Scan the entries below and return each line that contains "painting".

◇ ◇ ◇ ◇

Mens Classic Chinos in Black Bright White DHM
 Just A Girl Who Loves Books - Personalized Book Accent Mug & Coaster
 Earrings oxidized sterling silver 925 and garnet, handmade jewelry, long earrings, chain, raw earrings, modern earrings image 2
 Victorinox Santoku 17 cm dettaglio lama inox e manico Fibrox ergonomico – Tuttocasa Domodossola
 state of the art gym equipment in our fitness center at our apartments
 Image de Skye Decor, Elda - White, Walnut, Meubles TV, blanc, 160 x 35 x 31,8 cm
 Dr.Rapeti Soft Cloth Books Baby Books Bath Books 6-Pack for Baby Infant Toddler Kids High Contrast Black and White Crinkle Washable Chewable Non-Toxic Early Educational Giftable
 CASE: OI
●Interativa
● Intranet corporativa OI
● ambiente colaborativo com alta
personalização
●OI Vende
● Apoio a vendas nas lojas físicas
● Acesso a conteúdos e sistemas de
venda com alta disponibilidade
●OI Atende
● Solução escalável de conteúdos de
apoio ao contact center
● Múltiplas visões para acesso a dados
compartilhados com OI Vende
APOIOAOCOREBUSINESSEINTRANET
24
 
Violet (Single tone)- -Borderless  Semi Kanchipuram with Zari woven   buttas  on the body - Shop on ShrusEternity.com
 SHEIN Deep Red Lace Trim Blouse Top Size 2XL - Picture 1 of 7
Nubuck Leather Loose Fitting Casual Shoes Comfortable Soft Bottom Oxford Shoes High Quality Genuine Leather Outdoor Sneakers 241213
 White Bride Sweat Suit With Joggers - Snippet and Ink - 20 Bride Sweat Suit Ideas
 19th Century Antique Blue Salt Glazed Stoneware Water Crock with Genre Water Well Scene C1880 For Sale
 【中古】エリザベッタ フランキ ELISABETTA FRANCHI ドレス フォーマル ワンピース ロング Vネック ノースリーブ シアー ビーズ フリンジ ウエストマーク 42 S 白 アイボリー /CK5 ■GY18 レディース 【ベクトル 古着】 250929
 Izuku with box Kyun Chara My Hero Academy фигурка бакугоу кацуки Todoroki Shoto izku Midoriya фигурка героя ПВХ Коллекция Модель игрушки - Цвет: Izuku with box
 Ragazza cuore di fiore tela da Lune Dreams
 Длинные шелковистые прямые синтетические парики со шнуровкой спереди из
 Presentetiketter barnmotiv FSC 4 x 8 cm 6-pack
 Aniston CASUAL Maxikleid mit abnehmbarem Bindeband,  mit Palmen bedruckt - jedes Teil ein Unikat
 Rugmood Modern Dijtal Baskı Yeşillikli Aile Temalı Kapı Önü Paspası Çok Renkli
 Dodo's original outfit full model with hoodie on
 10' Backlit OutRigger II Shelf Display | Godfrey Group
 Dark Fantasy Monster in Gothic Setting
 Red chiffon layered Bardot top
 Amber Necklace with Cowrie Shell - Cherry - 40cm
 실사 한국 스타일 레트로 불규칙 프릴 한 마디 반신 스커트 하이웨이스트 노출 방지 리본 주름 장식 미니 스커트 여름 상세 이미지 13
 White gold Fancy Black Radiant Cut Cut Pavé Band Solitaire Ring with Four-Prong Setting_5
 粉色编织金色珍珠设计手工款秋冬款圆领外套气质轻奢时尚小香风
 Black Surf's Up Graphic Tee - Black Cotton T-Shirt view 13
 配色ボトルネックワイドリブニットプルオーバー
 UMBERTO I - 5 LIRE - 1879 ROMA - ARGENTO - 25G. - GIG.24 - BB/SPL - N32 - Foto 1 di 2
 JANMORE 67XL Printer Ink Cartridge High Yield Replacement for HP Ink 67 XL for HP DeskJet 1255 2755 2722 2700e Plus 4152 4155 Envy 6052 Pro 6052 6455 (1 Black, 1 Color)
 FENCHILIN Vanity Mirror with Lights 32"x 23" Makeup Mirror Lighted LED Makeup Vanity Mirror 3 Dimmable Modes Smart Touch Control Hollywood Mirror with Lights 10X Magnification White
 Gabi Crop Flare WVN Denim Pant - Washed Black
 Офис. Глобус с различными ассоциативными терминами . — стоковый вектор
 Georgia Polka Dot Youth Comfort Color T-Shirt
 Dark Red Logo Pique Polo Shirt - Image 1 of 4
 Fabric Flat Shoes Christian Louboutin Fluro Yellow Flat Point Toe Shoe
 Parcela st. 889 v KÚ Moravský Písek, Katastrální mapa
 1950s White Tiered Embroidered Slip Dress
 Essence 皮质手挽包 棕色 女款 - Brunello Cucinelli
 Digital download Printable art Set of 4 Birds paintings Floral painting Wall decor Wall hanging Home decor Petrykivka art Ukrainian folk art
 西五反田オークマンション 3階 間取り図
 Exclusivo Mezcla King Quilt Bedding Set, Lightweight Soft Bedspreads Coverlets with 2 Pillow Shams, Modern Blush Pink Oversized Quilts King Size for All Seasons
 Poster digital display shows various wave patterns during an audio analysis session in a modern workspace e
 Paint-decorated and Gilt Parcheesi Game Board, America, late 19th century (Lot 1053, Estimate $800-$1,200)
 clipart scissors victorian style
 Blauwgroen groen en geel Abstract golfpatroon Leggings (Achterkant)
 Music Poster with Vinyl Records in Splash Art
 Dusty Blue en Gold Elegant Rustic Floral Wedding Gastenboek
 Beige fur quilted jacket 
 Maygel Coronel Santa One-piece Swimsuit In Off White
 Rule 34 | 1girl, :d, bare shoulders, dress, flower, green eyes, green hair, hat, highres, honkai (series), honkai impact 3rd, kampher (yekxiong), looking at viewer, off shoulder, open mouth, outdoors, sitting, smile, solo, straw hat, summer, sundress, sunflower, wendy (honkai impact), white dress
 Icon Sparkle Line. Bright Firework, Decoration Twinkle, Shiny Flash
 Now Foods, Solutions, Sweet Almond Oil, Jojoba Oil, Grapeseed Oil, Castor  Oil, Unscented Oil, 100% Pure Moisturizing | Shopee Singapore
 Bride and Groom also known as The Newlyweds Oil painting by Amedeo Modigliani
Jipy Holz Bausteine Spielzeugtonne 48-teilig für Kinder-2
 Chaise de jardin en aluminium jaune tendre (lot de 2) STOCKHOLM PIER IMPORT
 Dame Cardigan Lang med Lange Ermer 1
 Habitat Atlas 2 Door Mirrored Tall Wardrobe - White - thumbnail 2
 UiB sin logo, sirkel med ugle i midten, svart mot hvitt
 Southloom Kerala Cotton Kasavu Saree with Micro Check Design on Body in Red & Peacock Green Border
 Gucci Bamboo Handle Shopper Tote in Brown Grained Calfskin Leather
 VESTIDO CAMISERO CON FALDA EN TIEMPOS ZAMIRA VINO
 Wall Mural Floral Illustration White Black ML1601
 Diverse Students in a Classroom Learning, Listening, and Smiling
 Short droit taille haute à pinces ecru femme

◇ ◇ ◇ ◇

Task output
 Digital download Printable art Set of 4 Birds paintings Floral painting Wall decor Wall hanging Home decor Petrykivka art Ukrainian folk art
 Bride and Groom also known as The Newlyweds Oil painting by Amedeo Modigliani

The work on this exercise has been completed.